**PROBLEM REQUIREMENTS**: Which lines of the records contain the word "show"? Copy each one.

**MATERIAL FOR THE TASK**:

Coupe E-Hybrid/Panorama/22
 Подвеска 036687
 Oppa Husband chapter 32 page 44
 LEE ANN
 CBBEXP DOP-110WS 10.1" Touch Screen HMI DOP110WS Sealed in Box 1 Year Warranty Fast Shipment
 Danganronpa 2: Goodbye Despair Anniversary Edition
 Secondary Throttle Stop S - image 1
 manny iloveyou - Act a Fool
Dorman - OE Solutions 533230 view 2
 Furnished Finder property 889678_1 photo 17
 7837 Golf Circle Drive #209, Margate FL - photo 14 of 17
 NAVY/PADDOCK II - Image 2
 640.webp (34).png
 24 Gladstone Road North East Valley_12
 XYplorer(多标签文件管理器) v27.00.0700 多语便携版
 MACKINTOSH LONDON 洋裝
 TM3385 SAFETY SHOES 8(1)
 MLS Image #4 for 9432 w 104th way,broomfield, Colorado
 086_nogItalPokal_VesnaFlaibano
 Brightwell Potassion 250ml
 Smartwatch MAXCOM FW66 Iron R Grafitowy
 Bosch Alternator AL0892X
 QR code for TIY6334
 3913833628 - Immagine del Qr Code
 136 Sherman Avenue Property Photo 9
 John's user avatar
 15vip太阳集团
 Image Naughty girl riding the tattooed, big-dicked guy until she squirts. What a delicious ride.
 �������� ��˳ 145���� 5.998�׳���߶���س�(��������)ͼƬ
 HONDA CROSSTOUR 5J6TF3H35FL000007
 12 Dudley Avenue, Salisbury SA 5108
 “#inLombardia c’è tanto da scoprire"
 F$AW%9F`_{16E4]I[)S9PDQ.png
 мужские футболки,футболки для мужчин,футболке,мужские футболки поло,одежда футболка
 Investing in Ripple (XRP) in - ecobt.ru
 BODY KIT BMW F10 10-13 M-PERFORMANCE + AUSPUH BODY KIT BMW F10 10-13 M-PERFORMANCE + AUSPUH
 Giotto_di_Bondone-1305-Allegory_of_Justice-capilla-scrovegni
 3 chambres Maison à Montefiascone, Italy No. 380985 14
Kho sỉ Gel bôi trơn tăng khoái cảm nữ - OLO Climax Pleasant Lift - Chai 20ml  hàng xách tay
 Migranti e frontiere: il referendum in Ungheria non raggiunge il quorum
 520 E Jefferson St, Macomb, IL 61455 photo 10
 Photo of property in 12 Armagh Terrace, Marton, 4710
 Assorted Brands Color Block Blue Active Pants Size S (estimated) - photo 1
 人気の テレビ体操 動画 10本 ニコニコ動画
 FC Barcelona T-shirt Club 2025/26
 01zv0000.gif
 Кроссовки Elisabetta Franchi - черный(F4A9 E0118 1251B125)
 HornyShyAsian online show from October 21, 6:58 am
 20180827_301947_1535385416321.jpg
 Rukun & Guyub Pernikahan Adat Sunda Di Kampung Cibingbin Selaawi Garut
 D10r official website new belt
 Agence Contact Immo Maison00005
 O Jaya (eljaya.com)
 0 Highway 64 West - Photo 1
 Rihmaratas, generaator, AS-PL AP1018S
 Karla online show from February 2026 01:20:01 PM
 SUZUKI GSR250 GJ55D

**OUTPUT OF THE EXERCISE**:
 HornyShyAsian online show from October 21, 6:58 am
 Karla online show from February 2026 01:20:01 PM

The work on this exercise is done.